▶ **EXERCISE AIM**: The response should be the lines of the data, starting at the first and ending at the one that contains "Materac gimnastyczny inSPORTline", copied without change.

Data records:
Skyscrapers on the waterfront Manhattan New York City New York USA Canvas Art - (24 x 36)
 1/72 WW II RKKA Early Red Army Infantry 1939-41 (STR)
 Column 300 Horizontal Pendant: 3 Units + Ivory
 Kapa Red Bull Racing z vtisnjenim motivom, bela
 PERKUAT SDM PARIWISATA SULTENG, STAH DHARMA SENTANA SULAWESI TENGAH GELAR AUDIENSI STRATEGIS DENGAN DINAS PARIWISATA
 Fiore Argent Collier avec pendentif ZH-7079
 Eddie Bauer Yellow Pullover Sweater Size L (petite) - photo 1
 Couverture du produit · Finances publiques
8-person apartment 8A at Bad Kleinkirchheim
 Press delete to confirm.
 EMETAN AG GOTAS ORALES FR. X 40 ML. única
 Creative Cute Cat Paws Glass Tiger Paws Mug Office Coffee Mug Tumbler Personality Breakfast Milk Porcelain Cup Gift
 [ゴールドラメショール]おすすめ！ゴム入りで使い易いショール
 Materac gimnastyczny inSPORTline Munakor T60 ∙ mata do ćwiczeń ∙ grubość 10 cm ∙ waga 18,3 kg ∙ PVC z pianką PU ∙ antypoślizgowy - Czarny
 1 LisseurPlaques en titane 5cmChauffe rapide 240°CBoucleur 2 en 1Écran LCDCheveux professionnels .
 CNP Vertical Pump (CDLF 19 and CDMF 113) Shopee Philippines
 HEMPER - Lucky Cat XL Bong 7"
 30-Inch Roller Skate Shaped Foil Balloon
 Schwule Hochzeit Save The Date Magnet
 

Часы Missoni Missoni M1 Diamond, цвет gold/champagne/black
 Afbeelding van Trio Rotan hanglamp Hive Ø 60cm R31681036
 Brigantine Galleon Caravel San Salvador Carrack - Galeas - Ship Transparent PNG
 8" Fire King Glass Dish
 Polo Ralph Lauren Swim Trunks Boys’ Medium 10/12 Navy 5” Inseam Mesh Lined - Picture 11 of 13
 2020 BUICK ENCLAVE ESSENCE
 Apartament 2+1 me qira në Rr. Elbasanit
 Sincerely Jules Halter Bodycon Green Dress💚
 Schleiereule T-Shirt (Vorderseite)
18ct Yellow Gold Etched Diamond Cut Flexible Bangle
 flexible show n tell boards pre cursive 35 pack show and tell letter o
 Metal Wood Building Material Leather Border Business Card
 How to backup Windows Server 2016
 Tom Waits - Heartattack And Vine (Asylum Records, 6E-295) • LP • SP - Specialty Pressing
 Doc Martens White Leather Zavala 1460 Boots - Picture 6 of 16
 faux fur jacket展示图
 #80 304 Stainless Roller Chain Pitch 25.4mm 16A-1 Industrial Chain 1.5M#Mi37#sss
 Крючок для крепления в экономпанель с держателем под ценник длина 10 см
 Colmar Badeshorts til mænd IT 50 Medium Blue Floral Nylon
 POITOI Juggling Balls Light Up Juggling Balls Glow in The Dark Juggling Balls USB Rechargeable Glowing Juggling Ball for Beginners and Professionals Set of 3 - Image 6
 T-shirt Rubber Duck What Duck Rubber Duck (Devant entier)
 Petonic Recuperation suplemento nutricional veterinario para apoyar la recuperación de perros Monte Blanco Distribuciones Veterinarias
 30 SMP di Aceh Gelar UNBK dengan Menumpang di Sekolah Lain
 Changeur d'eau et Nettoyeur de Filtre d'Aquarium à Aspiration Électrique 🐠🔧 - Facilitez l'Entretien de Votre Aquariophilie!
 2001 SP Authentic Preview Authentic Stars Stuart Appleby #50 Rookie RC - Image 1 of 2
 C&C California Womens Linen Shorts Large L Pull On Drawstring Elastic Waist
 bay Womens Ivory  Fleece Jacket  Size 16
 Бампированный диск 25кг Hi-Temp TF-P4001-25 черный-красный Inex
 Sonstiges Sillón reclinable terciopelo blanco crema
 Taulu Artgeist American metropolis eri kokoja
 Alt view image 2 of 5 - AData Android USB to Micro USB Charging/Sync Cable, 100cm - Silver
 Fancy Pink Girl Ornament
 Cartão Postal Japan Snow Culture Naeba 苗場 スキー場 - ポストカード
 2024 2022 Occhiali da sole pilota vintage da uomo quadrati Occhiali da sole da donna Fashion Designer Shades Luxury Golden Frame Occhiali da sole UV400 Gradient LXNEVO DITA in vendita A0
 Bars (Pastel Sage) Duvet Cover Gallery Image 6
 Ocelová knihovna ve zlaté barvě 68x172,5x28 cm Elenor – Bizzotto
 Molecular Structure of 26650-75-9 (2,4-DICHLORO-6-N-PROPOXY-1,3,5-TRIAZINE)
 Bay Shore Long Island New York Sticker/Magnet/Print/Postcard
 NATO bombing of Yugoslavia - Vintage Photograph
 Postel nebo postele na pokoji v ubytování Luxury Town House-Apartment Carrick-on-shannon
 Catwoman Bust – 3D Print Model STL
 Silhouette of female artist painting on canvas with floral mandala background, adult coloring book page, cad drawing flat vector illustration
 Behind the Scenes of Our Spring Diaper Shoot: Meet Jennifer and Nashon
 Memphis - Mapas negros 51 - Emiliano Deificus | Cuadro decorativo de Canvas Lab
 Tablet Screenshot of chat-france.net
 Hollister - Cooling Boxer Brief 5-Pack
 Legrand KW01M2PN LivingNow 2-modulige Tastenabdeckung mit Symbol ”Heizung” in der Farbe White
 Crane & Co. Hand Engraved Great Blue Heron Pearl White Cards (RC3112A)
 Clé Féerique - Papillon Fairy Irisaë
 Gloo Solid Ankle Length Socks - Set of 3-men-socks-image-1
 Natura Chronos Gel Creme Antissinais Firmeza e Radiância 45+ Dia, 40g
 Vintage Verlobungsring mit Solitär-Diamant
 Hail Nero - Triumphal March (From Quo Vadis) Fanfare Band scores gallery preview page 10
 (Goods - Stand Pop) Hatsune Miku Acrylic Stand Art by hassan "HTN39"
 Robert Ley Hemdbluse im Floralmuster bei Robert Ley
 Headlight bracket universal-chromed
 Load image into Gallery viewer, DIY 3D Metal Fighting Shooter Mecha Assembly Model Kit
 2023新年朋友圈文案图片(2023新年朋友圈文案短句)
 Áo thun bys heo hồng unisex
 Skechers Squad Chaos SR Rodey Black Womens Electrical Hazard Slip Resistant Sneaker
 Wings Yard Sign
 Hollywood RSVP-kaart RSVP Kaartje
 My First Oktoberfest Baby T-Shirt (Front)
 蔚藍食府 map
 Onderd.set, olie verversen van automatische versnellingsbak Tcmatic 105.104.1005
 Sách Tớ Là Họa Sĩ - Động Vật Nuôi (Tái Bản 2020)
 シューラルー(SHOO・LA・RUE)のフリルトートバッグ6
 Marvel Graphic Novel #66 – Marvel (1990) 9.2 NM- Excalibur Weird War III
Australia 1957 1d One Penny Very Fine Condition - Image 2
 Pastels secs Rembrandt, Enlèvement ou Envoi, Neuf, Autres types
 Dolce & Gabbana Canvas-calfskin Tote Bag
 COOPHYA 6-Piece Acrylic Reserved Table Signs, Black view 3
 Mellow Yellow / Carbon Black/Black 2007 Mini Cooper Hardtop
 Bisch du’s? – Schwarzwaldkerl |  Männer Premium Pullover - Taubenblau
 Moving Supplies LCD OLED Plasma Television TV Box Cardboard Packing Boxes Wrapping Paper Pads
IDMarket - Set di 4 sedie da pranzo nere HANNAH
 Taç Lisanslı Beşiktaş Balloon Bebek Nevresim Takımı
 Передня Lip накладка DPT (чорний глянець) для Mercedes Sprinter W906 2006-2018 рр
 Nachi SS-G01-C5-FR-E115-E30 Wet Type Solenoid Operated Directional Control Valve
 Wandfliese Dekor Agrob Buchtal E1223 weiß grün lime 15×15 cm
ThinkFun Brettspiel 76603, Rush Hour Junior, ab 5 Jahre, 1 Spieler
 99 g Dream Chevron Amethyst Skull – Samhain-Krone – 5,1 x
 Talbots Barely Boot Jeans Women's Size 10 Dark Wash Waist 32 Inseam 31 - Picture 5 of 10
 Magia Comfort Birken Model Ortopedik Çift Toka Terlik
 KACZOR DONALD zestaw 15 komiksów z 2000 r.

▶ **ANSWER BOX**:
Skyscrapers on the waterfront Manhattan New York City New York USA Canvas Art - (24 x 36)
 1/72 WW II RKKA Early Red Army Infantry 1939-41 (STR)
 Column 300 Horizontal Pendant: 3 Units + Ivory
 Kapa Red Bull Racing z vtisnjenim motivom, bela
 PERKUAT SDM PARIWISATA SULTENG, STAH DHARMA SENTANA SULAWESI TENGAH GELAR AUDIENSI STRATEGIS DENGAN DINAS PARIWISATA
 Fiore Argent Collier avec pendentif ZH-7079
 Eddie Bauer Yellow Pullover Sweater Size L (petite) - photo 1
 Couverture du produit · Finances publiques
8-person apartment 8A at Bad Kleinkirchheim
 Press delete to confirm.
 EMETAN AG GOTAS ORALES FR. X 40 ML. única
 Creative Cute Cat Paws Glass Tiger Paws Mug Office Coffee Mug Tumbler Personality Breakfast Milk Porcelain Cup Gift
 [ゴールドラメショール]おすすめ！ゴム入りで使い易いショール
 Materac gimnastyczny inSPORTline Munakor T60 ∙ mata do ćwiczeń ∙ grubość 10 cm ∙ waga 18,3 kg ∙ PVC z pianką PU ∙ antypoślizgowy - Czarny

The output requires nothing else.